Google is working on integrating CUDA directly into TensorFlow with the end goal being that you can use any GPU to do your computation. Basically a leapfrog over the inherently closed system that Nvidia has tried to implement.

I’m going to be glad when that finally happens. It’s not healthy for machine learning to be so dependent on a single provider like that.

shmerl · on Nov 29, 2019

> Google is working on integrating CUDA directly into TensorFlow

How is it going to untie it from Nvidia? The only way to do it, is not to use CUDA, but something portable that can target any GPU.

nl · on Nov 28, 2019

Google is working on integrating CUDA directly into TensorFlow

What does this mean? And how does having CUDA in TF make it better for vendors that don't support CUDA?
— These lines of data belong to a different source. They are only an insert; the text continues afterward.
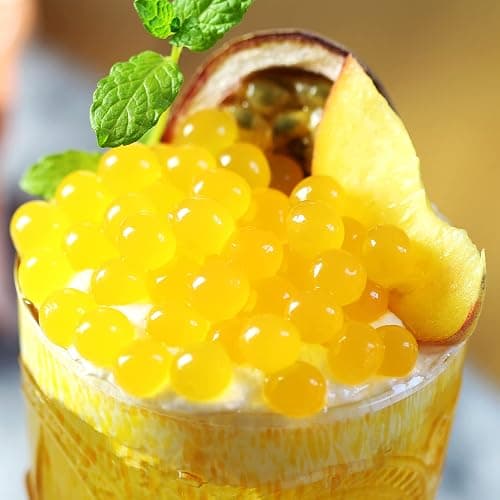 Peach Fruit Juice Filled Popping Boba | Bursting Pearls for Bubble Tea and Dessert Toppings | 150g 3 Servings | Vegan | By THE TEASHED thumbnail 2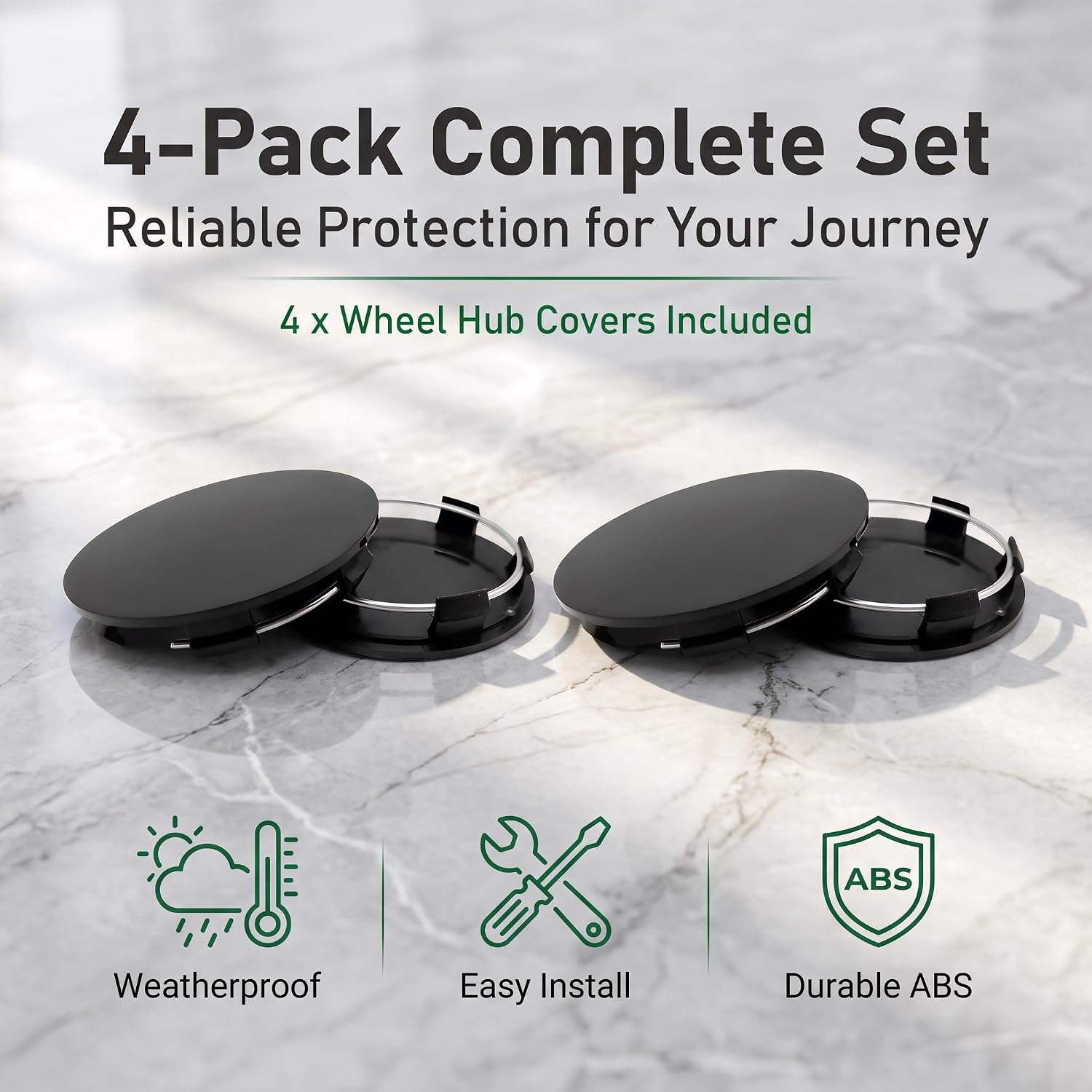 4 PCS Car Wheel Center Caps, 2.36" OD 2.2" ID ABS Rust-proof Hub Caps, Snap-in Scratch-resistant Wheel Center Protective Cover, External Accessories for Most Cars (Black)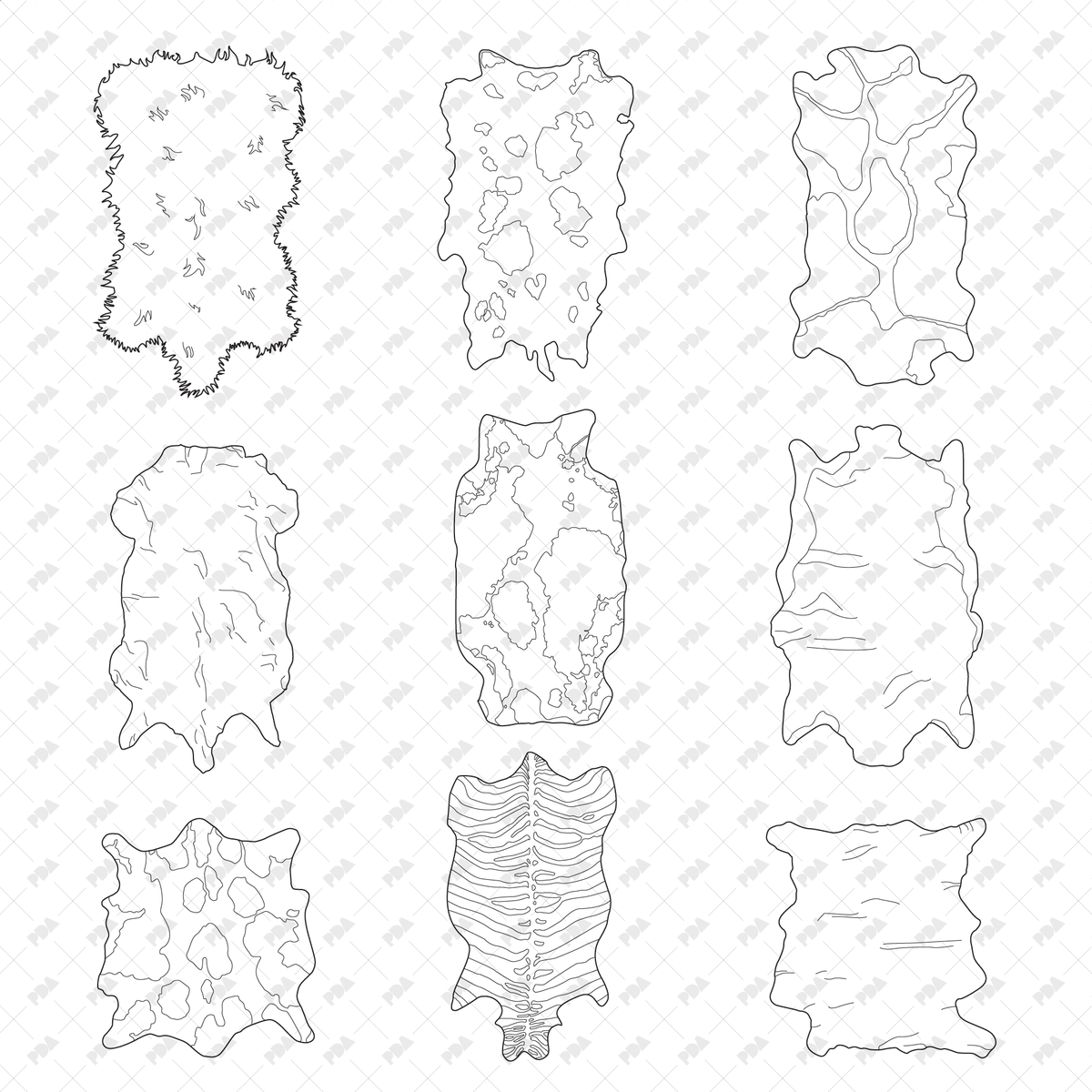 CAD, Vector Fake Animal Skin Carpets and Rugs Set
Could you post a link to this work?

summarity · on Nov 28, 2019

It's going to be oracle v Google all over again.

monocasa · on Nov 28, 2019

Oracle v Google is still working its way through the court system.

black_puppydog · on Nov 28, 2019

by the time Google v NVidia will hit the highest courts, those will be stacked with AI overlords. I wonder what they'd think about being stuck in a proprietary API. :D

thrwe4234safd · on Nov 28, 2019

IIRC ROCm basically takes PTX bytecode and runs them on AMD cards, so this shouldn't (theoretically) be an issue.

TomVDB · on Nov 28, 2019

That wasn't the case when I last looked it.

IIRC ROCm (in the form of HIP) defines a new C/C++ API that maps to either AMD intrincis or CUDA depending on a compile time flag.

It required converting your CUDA source code to ROCm code, though there was a code translation tool to help you with that.

To be honest: I don't really understand what ROCm stands for. AMD has been redefining their GP compute platforms so many times that it's easy to lose track.

https://rocm-documentation.readthedocs.io/en/latest/Programm...

jefft255 · on Nov 28, 2019

Yeah I’m sure stuff like this can work without code rewrite but my guess is that it’s far from plug and play. I couldn’t use that to run my model on an AMD card tommorrow without some effort.